Clinton is the front runner. I would love to see a woman in the White House but I worry what that woman would have to do to get there. Just as Thatcher wasn't really viewed as a "woman" in the UK (she had more testosterone than Attila the Hun!!), I feel that Clinton is having to become harder all the time and prove that she does not have all those silly sentiments attributed to the weaker sex. Feminism has come a long long way in forty years but some of the American electorate are stuck back in the fifties. I fear that her gender alone may mean that she would not make it through the White House doors and it pains me to say it!!

Obama is dynamic. He began his campaign promising to be different, to be untainted by the normal Washington filth. But I feel he is becoming more and more mainstream as the game is played. He is against the Iraq war and that is a tremendous thing but he is incredibly naive in his foreign policy attitudes - as the Pakistanis can attest. His speech making has not been as electrifying as I had hoped. Maybe he has a grand finale planned, who knows. However just like with Clinton, I think it would be amazing to see a black man in the US presidency. It would be a visual realisation of MLK's dream. But this country has swung further to the right than during the civil rights movement. This country, though clothed in the vocabulary of political correctness, is so conservative in its outlook that I fear a black man would not be allowed to grace the living quarters of the White House and I would fear for his safety. And again it pains me to say so.

So Edwards. The southern, white man with the electric smile. I like him. People like him. He's a likable guy. He has all the qualities to get elected. That hometown southern drawl is so attractive to voters in the US and his passion for the everyman who is struggling in this rocky economy is tangible. But sadly, very sadly, his wife is ill with cancer. What if she dies whilst he is president? How could a grieving widower with two small children cope with the burden of high office? It is so sad and I hope everyday that she can announce that she is cancer free - it would be brilliant news for her, her family and this nation!!

So who is left. I cannot vote and wish I could. The person I wish I could vote for and who I feel this country needs desperately and the world needs desperately is Al Gore. He won in 2000! This country voted for him in 2000! He has the experience, the credentials for the job but so much more. He realises the biggest threat to the world is global warming (that's global warming not 'climate change')!! As president he would have the ability to change policies to affect how we address this vital issue. I feel he is the strong steady, intelligent hand that is needed to guide this country out of the mess it is in.

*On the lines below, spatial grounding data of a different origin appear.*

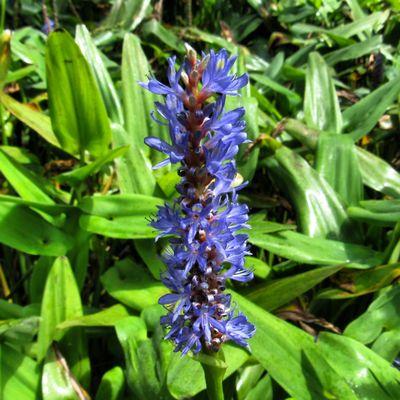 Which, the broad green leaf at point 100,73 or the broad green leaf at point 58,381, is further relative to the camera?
the broad green leaf at point 100,73

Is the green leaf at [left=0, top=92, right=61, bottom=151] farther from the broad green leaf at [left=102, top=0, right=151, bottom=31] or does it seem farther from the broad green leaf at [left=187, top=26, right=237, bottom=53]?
the broad green leaf at [left=102, top=0, right=151, bottom=31]

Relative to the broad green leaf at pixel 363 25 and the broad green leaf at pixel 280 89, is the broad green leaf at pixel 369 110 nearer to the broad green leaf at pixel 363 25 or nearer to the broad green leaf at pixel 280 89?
the broad green leaf at pixel 280 89

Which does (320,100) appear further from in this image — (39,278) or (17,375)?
(17,375)

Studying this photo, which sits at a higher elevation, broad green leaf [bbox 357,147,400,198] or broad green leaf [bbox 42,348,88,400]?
broad green leaf [bbox 357,147,400,198]

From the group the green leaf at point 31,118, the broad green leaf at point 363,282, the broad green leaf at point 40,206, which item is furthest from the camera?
the green leaf at point 31,118

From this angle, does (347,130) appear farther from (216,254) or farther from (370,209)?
(216,254)

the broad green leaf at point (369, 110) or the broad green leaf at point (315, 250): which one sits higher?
the broad green leaf at point (369, 110)

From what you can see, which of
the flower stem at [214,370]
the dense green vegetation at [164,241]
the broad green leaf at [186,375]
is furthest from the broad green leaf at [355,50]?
the flower stem at [214,370]

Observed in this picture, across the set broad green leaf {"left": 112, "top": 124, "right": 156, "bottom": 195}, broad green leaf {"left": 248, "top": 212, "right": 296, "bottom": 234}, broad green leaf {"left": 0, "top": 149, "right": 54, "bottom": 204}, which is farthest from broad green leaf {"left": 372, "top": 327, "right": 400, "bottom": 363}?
broad green leaf {"left": 0, "top": 149, "right": 54, "bottom": 204} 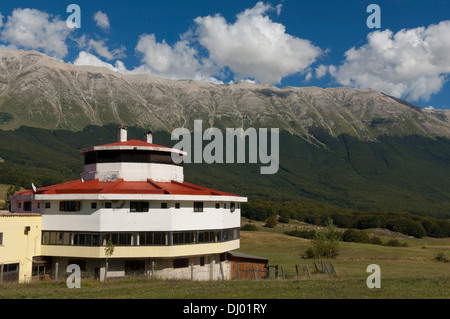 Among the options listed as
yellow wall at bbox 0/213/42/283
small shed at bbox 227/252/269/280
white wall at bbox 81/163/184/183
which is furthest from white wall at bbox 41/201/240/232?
small shed at bbox 227/252/269/280

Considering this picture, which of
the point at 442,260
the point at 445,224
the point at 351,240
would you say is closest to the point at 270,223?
the point at 351,240

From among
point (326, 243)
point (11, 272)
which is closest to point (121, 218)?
point (11, 272)

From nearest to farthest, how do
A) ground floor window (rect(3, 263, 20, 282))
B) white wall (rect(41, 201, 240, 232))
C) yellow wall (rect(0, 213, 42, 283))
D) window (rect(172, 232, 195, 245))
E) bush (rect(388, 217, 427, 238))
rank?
ground floor window (rect(3, 263, 20, 282)), yellow wall (rect(0, 213, 42, 283)), white wall (rect(41, 201, 240, 232)), window (rect(172, 232, 195, 245)), bush (rect(388, 217, 427, 238))

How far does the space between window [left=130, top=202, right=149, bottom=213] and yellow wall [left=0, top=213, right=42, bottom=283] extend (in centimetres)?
1027

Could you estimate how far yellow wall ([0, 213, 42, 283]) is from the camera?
43562 millimetres

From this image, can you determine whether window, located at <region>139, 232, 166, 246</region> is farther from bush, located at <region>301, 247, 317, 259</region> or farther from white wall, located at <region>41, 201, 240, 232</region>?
bush, located at <region>301, 247, 317, 259</region>

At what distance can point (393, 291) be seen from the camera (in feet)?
100

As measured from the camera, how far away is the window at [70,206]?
46.1m

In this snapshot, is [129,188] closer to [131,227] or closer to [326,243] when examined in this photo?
[131,227]

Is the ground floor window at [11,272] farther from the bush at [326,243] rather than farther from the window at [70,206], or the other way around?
the bush at [326,243]

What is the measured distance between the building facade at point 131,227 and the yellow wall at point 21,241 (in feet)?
2.54

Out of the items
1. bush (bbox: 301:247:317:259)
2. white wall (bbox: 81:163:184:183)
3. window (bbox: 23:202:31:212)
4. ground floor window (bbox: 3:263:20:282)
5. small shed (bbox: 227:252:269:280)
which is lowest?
bush (bbox: 301:247:317:259)

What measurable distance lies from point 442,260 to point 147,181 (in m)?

And it would be poetic to allow the American people the opportunity to vote for the man they wanted to run their country in the first place, to right a wrong done by the Supreme Court (I read somewhere that Bush won the 2000 election by 5 votes - 5 Supreme Court votes!!).

I know Al Gore is not in the running. But I hope he is thinking about it. I would be ecstatic if he would run. I'd batter every door down in my neighbourhood and tell everyone to get out and vote. I'd drive anyone eligible to vote to the polling booth myself. So my appeal (not that Al Gore likely reads this wee wittering blog) is that everyone speak out and ask Gore to run. Tell him we need him. Tell him the world needs him.